My take: It’s manifestly unclear, at least at this point, what the “best” models are. As Rick Hanushek notes wryly, “The real model isn’t known.” There are lots of ways to specify these models and that we’re learning as we go. This argues for everyone being transparent about their assumptions and for an appropriate dose of humility when using value-added data. And, to be fair, the standards for journalism and academic discourse are quite different. More than anything else, perhaps, this suggests that journalistic outlets need to move deliberately when wading into this space.
Third, Buddin points out that the actual data that he and Briggs used is different. For reasons that are unclear, Buddin notes that Briggs’ data includes “900 fewer teachers and 100,000 few student test scores.” There’s no way to be sure how much these extra exclusions might have impacted the results. When Briggs tells me that he was unable to replicate Buddin’s results, even when using the exact specifications that Buddin provided, I wonder how much of this can be attributed to this data question.
Finally, the academic-journalistic tension here is substantial, including questions about how the L.A. Times should cover analysis of its own work. I think Briggs makes a fair point when he says, “At a minimum, it should be clear that [Felch] mischaracterized the nature of our findings in his coverage of the report in the story released on Monday. Recall the headline for that story: ‘Separate study confirms many Los Angeles Times findings on teacher effectiveness.’ That’s just straight out bogus.” Like I’ve noted, I’m not sure I thought Briggs’s results were as damning as he does, but neither the findings nor the tenor of the analysis suggest the researcher thought that the takeaway was a confirmation of the Times‘ work. At the same time, it’s not as simple as that. Felch fairly points out that the Briggs results reinforce the L.A. Times‘ findings regarding the variability of performance across LAUSD teachers–perhaps the finding most relevant to public debate. And I’ve much sympathy for Felch’s argument that, “Part of this is a culture clash between journalism and academia. Briggs made no attempt to contact us before releasing his study, and simply assumed we had conducted no due diligence. The truth is quite the contrary.

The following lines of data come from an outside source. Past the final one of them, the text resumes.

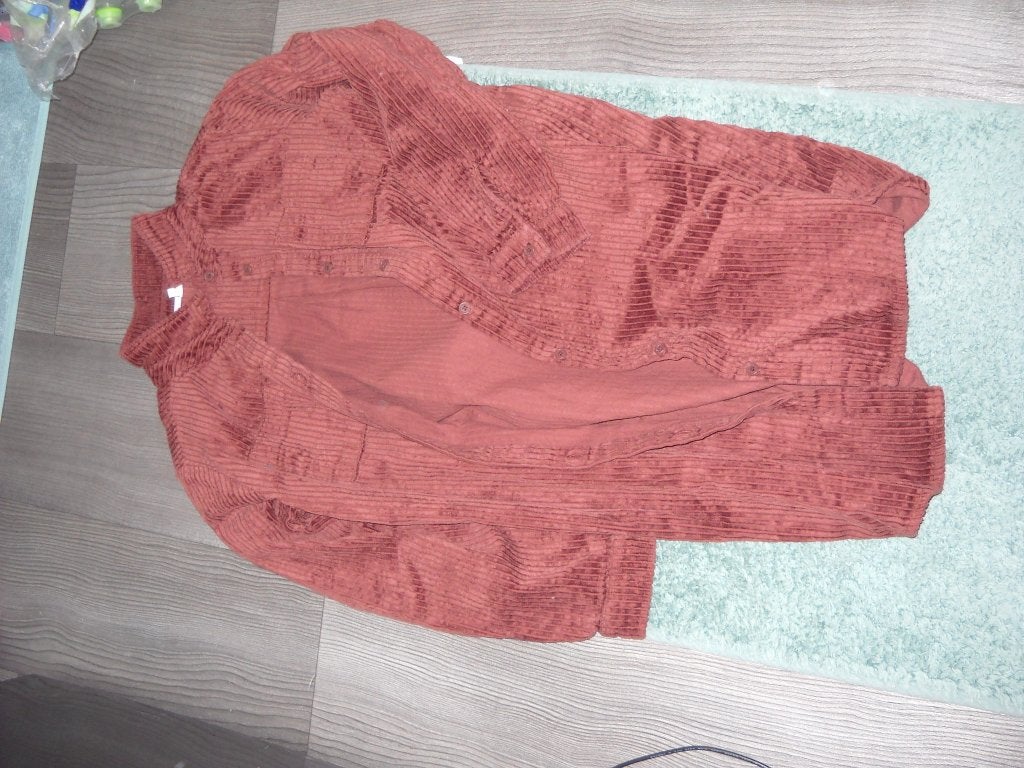 ribfluwelen kleedje-zeer goede staat-fish and ships 158, Enfants & Bébés, Vêtements enfant | Taille 158, Enlèvement, Comme neuf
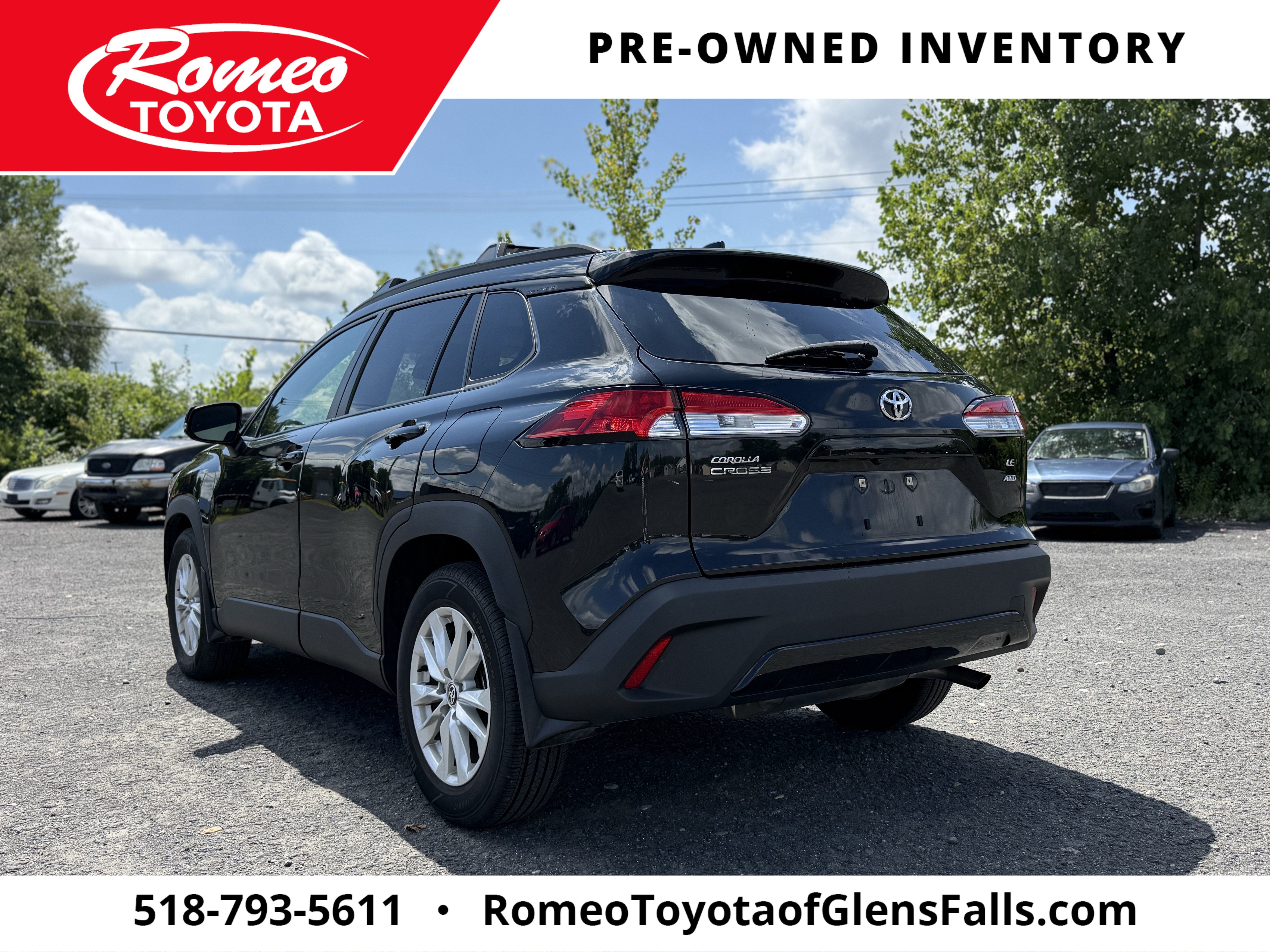 2022 Toyota Corolla Cross LE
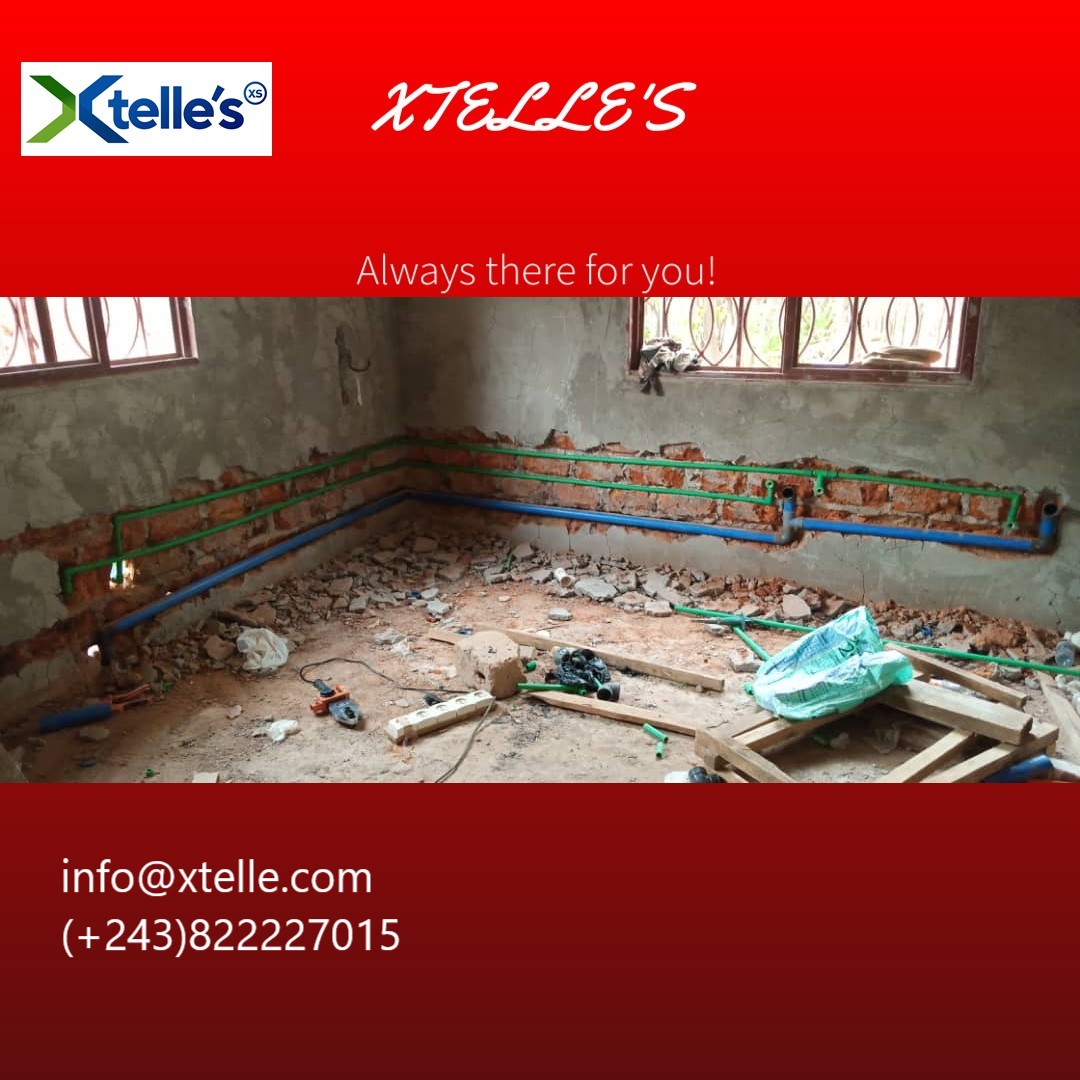 Xtelle maintenance works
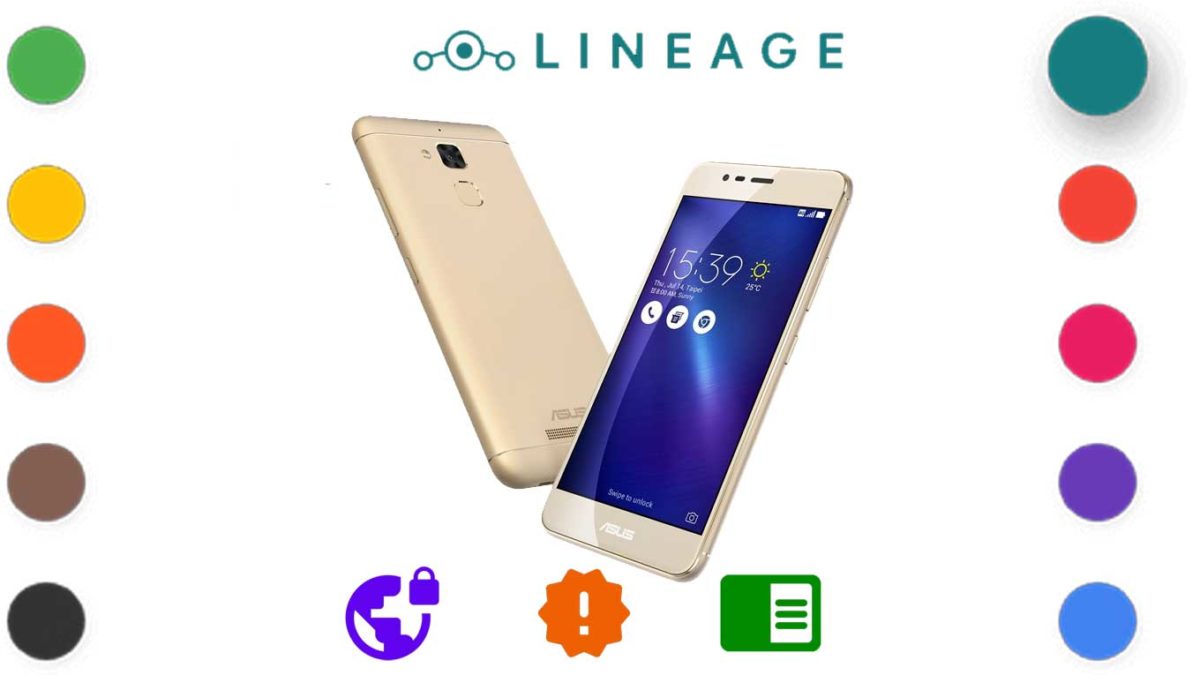 How to Download and Install Lineage 14.1 for asus zenfone 3 max zc520tl_mt6737m [Android 7.1, UNOFFICIAL – ALPHA]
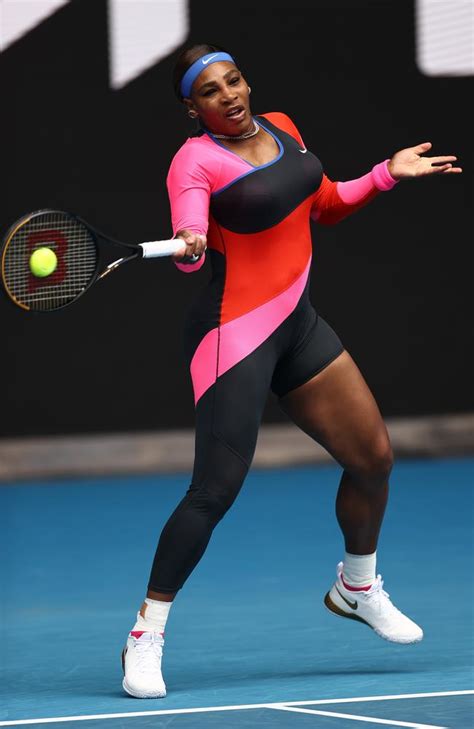 Serena Williams Catsuit Outfit At Australian Open 2021 Compared To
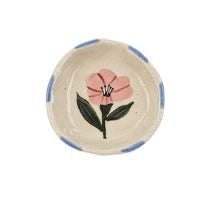 Flora Pottery Mini Dish - Rose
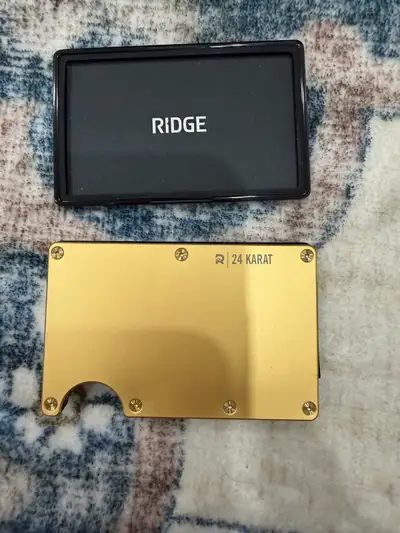 24k ridge wallet set, View more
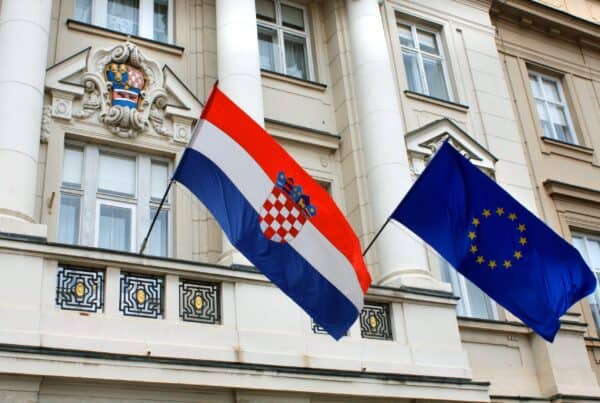 european union and croatia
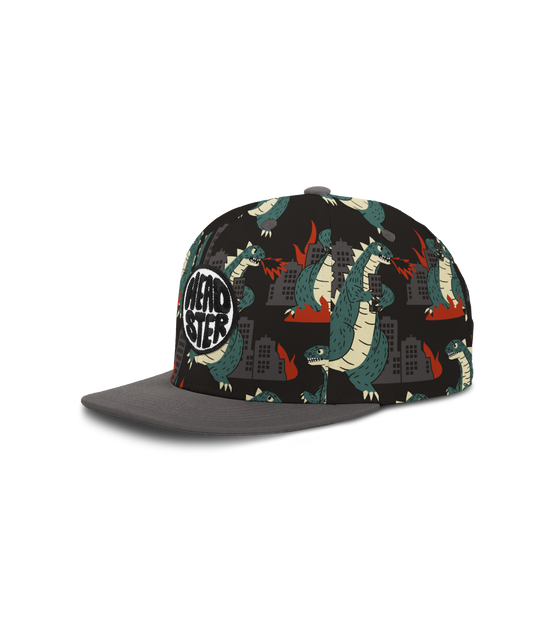 Snapback Cap - Reptile Rampage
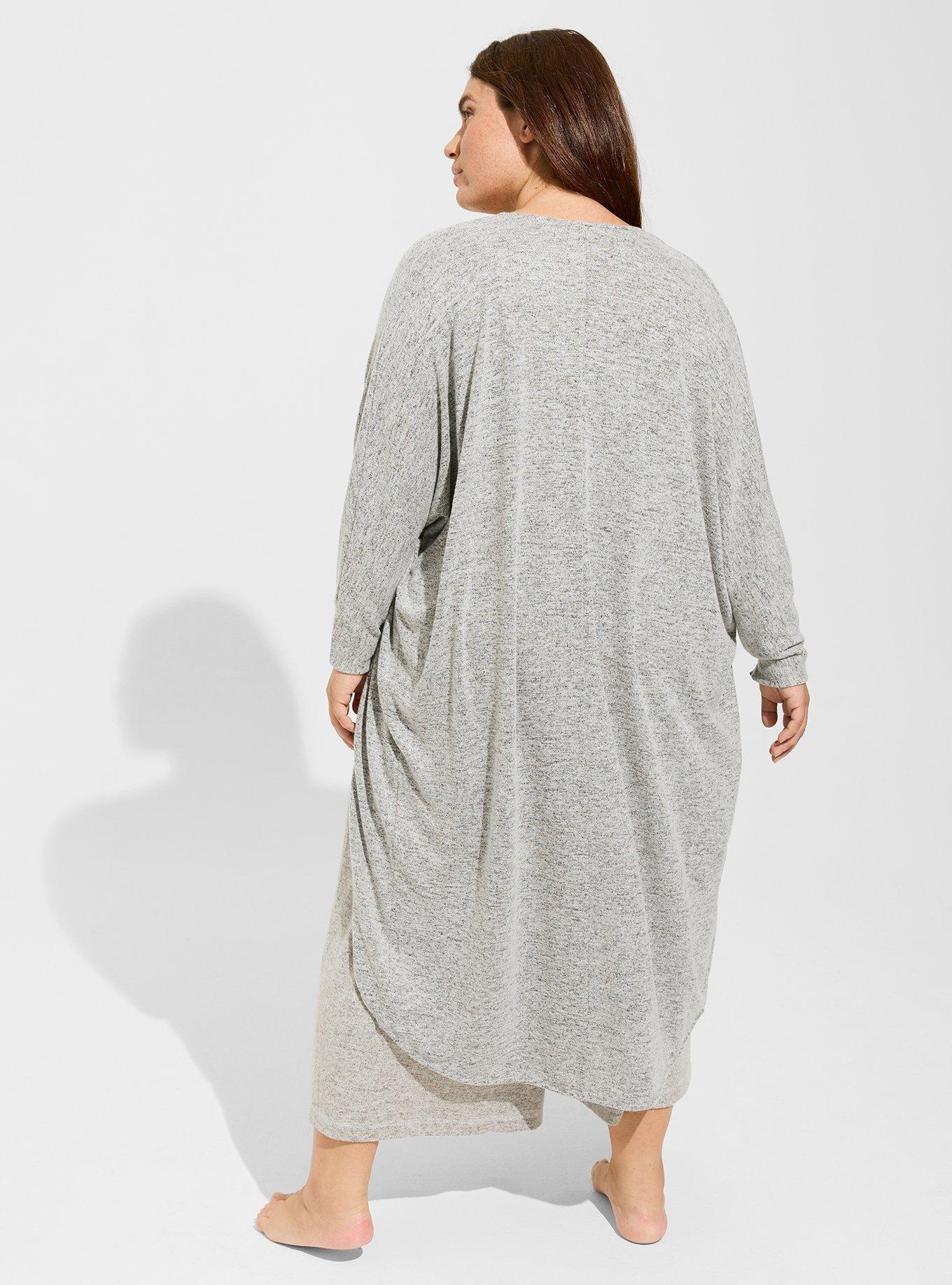 Supersoft Plush Cacoon Lounge Cardigan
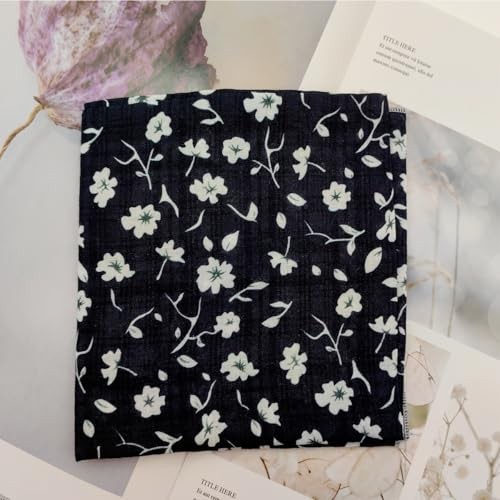 Cotton-Blend Bandana, Head Scarf, Headband, Head wrap, Hair Neck Scarf Fcs037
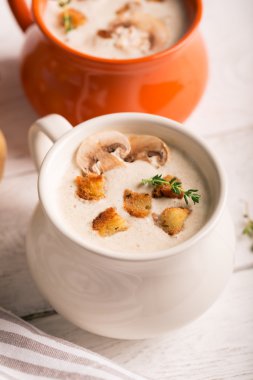 Lezzetli çorba püre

In journalism, we would never write a lengthy critique of someone’s work without picking up the phone to see if our assumptions were right.
Like I said, it strikes me that this is a case where both sides make some valid points. I think Buddin could’ve done more to explain his specifications and I would’ve liked to see the Times proceed more carefully, but I also think the Briggs critique is more cautionary than damning. So my takeaway: this is a case where I think the results mostly highlight the import of moving carefully and thoughtfully on value-added. That said, the standard in crafting value-added systems ought not be perfection, because nobody anywhere in the private or public sector has got a system that can meet the standard. The question is whether a given system is better than the alternative. And the truth is that today’s personnel systems are so insensitive to performance, so protective of mediocrity, and so dismissive of excellence, that value-added systems need not be flawless to be good and useful tools.
(And, for those who are wondering, my stance on the L.A. Times exercise hasn’t changed a bit. I’m still just where I was last summer: I think it’s good for policymakers and educators to be exploring ways to employ value-added in teacher evaluation and pay, but that it’s a mistake to publicly issue individual scores.)
-Frederick Hess